EXERCISE DIRECTIONS »
Exact copies of the lines from the line containing "Ricotta cheese with" through the last line of the entries below are the whole answer.

DATA FOR PROCESSING »
**********
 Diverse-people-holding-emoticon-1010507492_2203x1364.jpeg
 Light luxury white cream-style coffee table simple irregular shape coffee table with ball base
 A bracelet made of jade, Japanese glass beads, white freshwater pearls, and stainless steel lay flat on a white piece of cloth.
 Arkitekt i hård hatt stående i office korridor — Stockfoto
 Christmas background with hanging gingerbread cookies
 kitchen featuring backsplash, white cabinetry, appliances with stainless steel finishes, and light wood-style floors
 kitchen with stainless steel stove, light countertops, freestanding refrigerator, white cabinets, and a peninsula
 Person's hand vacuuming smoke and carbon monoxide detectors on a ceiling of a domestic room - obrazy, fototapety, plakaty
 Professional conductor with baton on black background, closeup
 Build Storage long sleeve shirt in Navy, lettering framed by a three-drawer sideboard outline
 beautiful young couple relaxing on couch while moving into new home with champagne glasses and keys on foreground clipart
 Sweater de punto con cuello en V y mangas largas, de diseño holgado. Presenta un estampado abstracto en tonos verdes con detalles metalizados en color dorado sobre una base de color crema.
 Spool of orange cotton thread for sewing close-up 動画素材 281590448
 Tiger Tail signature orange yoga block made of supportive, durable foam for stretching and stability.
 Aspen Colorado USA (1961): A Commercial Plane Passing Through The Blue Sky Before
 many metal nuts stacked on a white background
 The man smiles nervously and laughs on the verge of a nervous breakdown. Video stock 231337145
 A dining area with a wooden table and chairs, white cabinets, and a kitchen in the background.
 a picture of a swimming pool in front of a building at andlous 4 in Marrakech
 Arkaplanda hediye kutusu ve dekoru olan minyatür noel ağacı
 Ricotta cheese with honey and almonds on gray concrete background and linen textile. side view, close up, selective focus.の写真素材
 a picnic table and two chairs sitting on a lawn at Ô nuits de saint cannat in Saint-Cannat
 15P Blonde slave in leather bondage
**********
RESPONSE »
 Ricotta cheese with honey and almonds on gray concrete background and linen textile. side view, close up, selective focus.の写真素材
 a picnic table and two chairs sitting on a lawn at Ô nuits de saint cannat in Saint-Cannat
 15P Blonde slave in leather bondage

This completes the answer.